Mealtimes used to take about 15 minutes, I’d feed her in the mornings or evenings (the beard took the lunch and snack shifts while I’m at work) and we’d have time for a play before I went off to work or she went down to bed.

Now, she wants to do it herself but is still learning how, as she finely tunes her developing motor skills, dinner time his tripled in! Additional time to be spent on more fun activities has been reduced significantly as the little one limps through her linguine. It can be really frustrating as you watch her for the umpteenth time fail to put the spoon far enough in the pot to pick up the grub or to get some small morsel of food on the utensil only for it all to drop off into her lap as she turns the item of cutlery round to get a better grip, having no concept of how gravity works against her in such circumstances.

It is really hard to resist the urge to wrestle the eating implement out of her grasp and just do it for her. But if you try she’ll just scream at you until you give it back, or will try to eat the food with her fingers (pasta with your fingers is one thing, soup is another).

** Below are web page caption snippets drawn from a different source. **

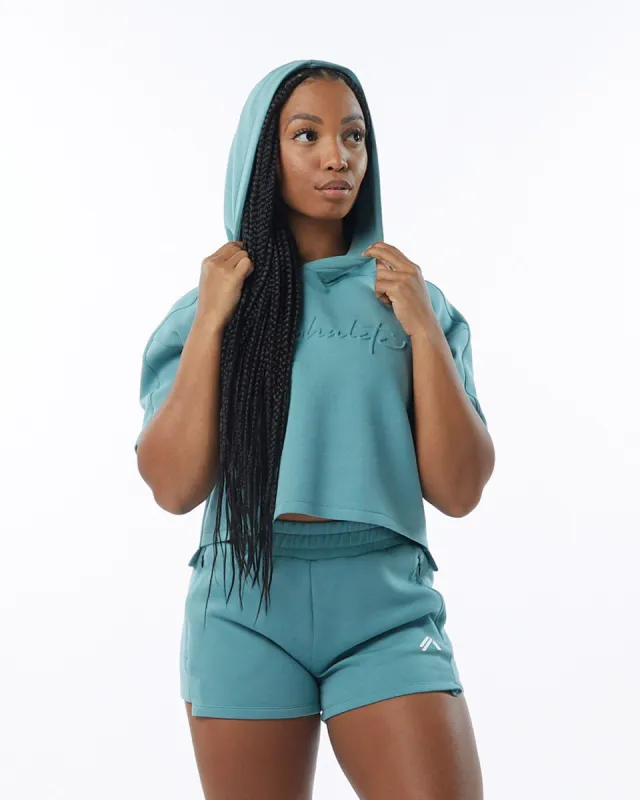 ELMTS Half Sleeve Hoodie - Teal sold by Alphalete
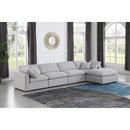 Meridian Indulge Grey Linen Textured Fabric Modular Sectional IMAGE 2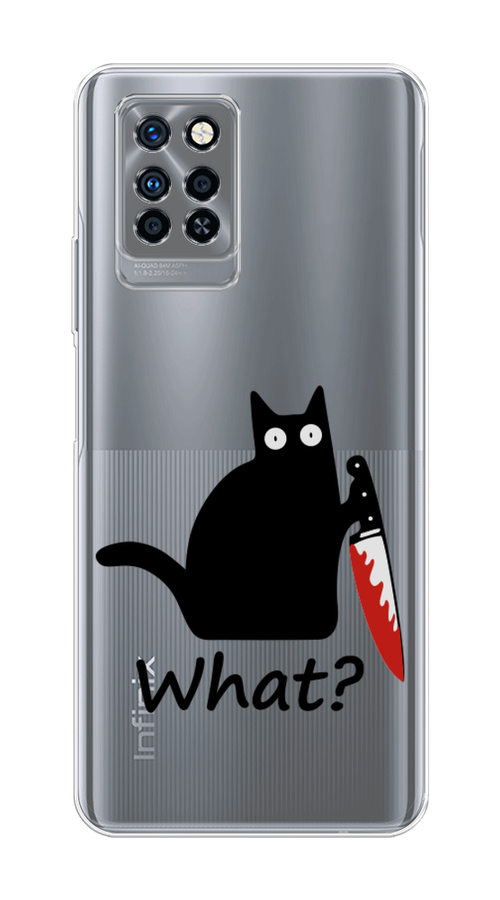 

Чехол на Infinix Note 10 Pro "Котик с ножом", Черный;красный, 3100150-6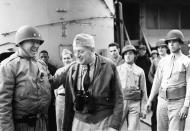 Asisbiz Leaders Maj Gen George S Patton USA and Rear Adm H Kent Hewitt USN aboard USS Augusta (CA 31) 80 G 30116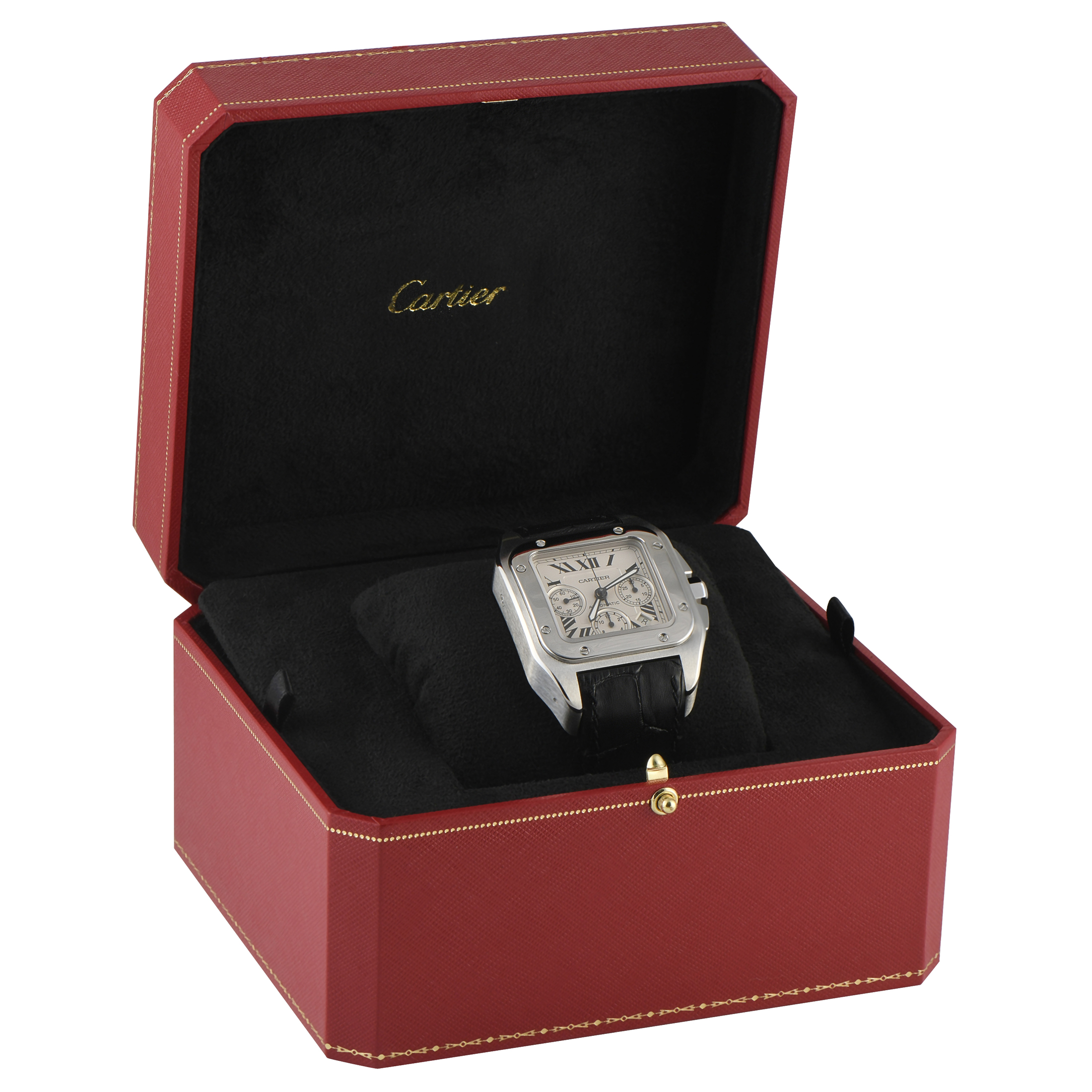 Cartier Santos 100 Xl Chronograph Steel Watch 2740 - Image 5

So far I’m doing pretty well at keeping my cool, even if on a couple of occasions I’ve had to ask the bearded one to step in as I struggle to stay in neutral as the babe is crying because she can’t get the food to stay on the spoon but won’t let you help.

Now she’s really getting the hang of it and I’m very proud of her but I realise that with every new skill she learns she also needs us that little bit less and that also makes me a bit sad.

I think this is one of the biggest challenges at the heart of parenting. As a parent you love your child so much, you want to do everything for them, to protect them from any harm, but your objective is to raise an independent person who is capable of navigating the challenges, hurts and also triumphs that lie in store for them by themselves. As they get older they will need you less and less and move further away from you as they and the relationship you have with them evolves. This is absolutely the name of the game but it’s also kind of tough.

Parents will tell you they love their children selflessly and I do not doubt the strength of that desire to put your child’s needs above your own will override everything else, but there is also that selfish part of you that loves being quite so loved. We all want to feel like we have an essential role to play, whether as parents, friends, in our careers or other areas that are important to us. Whilst we may be irreplaceable in some of these aspects in others, if we are doing them right, then we are creating the structures and support that enables our children, friends, colleagues and others to keep on trucking whether we are there or not.

For now I’m trying to fete the mastery of my minion’s spoon control and focus on how awesome this is for her but also for us as it means we can eat together without the beard and I having to gobble up our grub in shifts as the other one assists little miss.